Pancreatic cancer is not detected in most patients until it has reached an advanced state. Successful treatment, however, occurs only between three and four months after a tumor begins developing. Until recently, the ability of radiologists to detect pancreatic cancer was limited by problems associated with existing MRI and computed tomography (CT) requirements.
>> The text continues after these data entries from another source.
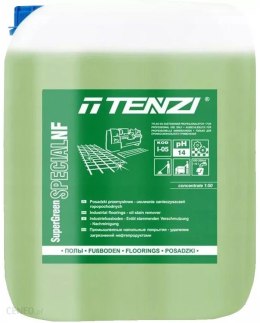 ŚRODEK DO MYCIA POSADZEK 20L TENZI SUPER GREEN SPECIAL NF | PROFESJONALNY | PRZEMYSŁOWY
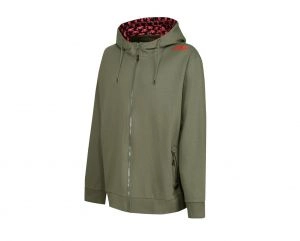 Mikina Zipped Hoody Green veľ. S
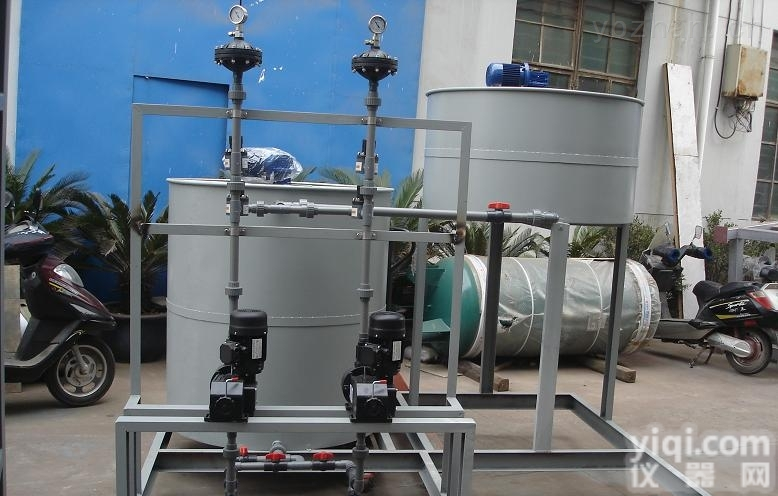 水泥分散投加  <em>水泥厂</em>水泥分散剂投加装置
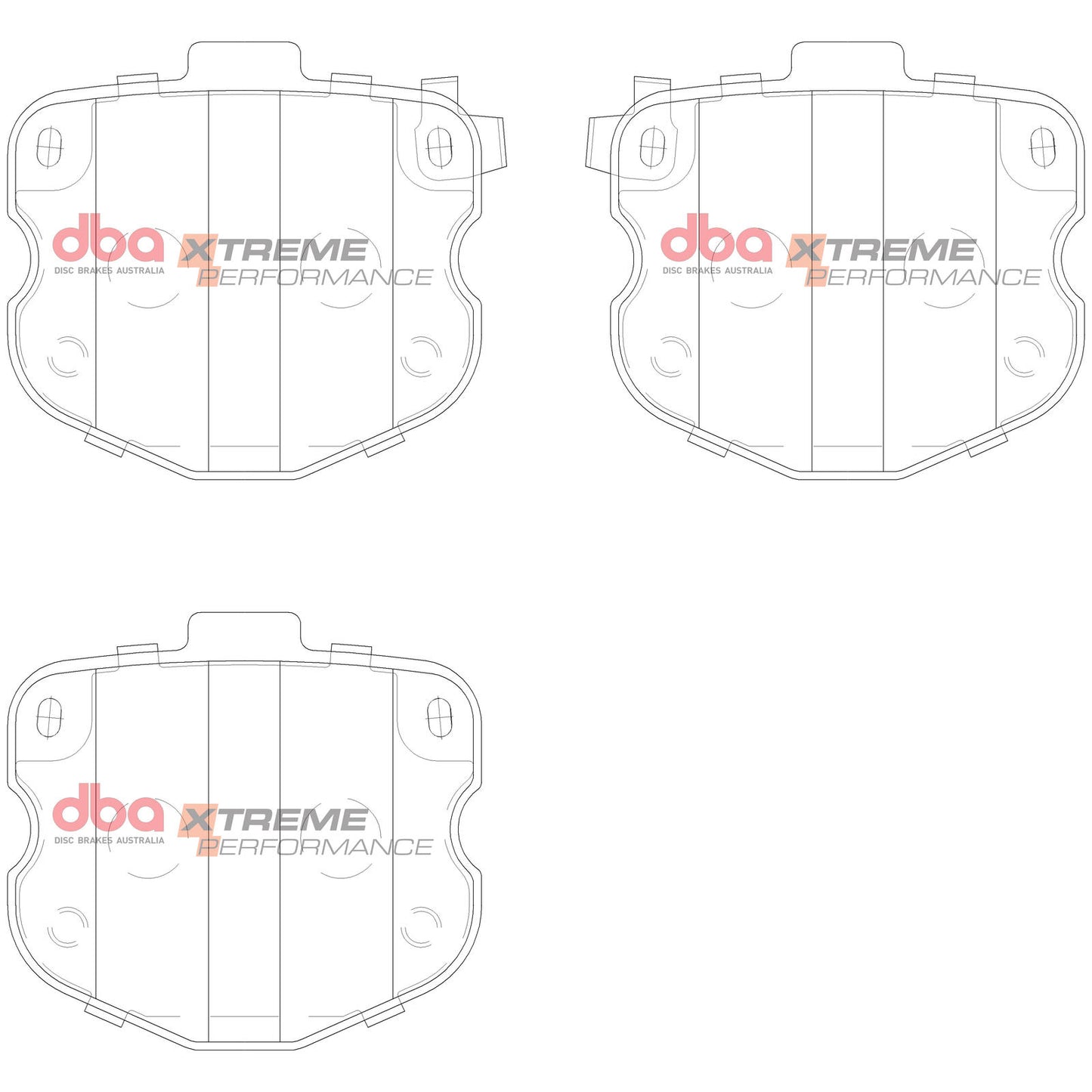DBA Xtreme Performance Brake Pad Set DB15029XP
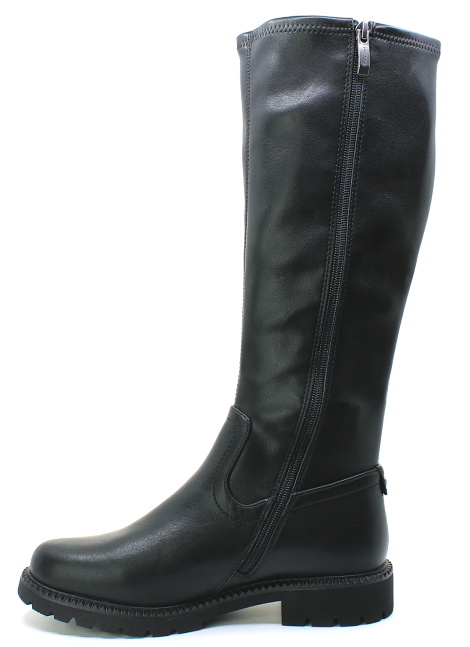 TAMARIS 1-25613-45 001 black, dámské kozačky vel.42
For example, distortions in MRI images caused by the pulsing of blood through the aorta or by the patient's breathing make it difficult to obtain images of the pancreas that are good enough for early detection. While dynamic enhanced CT also is useful in evaluating pancreatic cancer, that technique has difficulty spotting tumors smaller than two centimeters because of limited soft-tissue resolution.
To evaluate the usefulness of 3D GRE, researchers reviewed all images from patients referred to UNC Hospitals for examination because of clinical suspicion of pancreatic cancer. They found signs in 27 of the 57 patients, with a level of confidence they rated as high or very high. A review of these patients' records showed that 21 of the 27 indeed were afflicted. In addition, the reviewers found tumors of less than two centimeters in eight patients.
"Most of these patients had recently had high-quality CT scans that failed to find these tumors," Semelka notes. "So, without 3D GRE, their tumors would not have been found at such an early stage in their development."